The NYT reported: 'As Mr. Carlson and other skeptics have argued, a strike against Iran could easily spiral into a full-fledged war without easy victory. That, Mr. Trump was told, was everything he ran against.'
When he ran for president, Trump portrayed himself as an anti-interventionist candidate who had been against the Iraq war 'from the very beginning'.
An important part of his political base is the new right who are anti-foreign wars while also being very pro-military.
In other words, it is the strength of the anti-war movement in the US – coming out of the campaign against the Iraq War – that has helped to restrain the most irrational and unpredictable character ever to occupy the Oval Office.
The way out
This is not to say that the United States is not drifting closer to military confrontation with Iran. It is, because Trump's 'maximum pressure' strategy is not going to work with Iran.

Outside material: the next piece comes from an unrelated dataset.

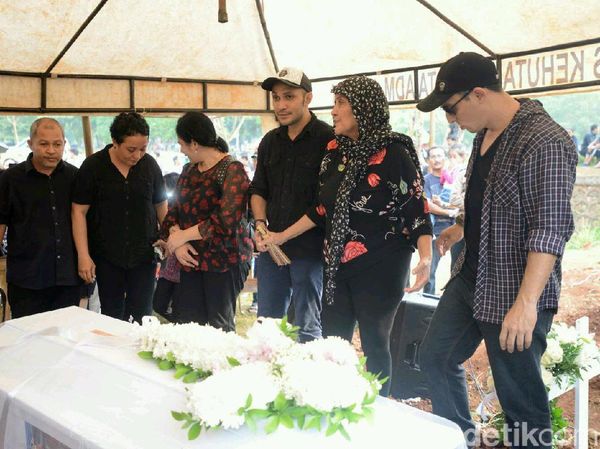 Haru Keluarga di Pemakaman Robby Sugara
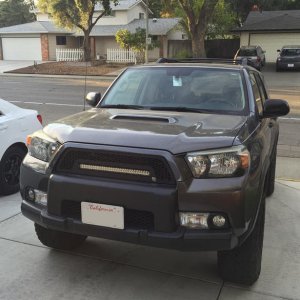 Rigid LED light bar and grill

Trump seems to believe that the 'sanctions-bloodcurdling threats-hugs' sequence that worked with North Korea will work with Iran. It won't.
Iranian officials told the Reuters news agency that on the night he ordered the airstrikes, 'Trump had warned Tehran via Oman that a U.S. attack was imminent, but had said he was against war and wanted talks.' The Iranians turned Trump down, but he called off the strikes anyway.
Unlike North Korea, Iran has not been desperately seeking a meeting with a US president to signal its legitimacy.
Progress with Iran will require relaxation of US sanctions, which Trump rejects as a personal humiliation.
Therefore tensions are likely to go on building and we will continue to run the risk of a spreading war.
What is needed is a US peace movement – and an international peace movement – strong enough to force an end to the economic war with Iran, not just to hold Trump back from an air strike.
In Britain, one priority will be ending gunboat diplomacy against Iran.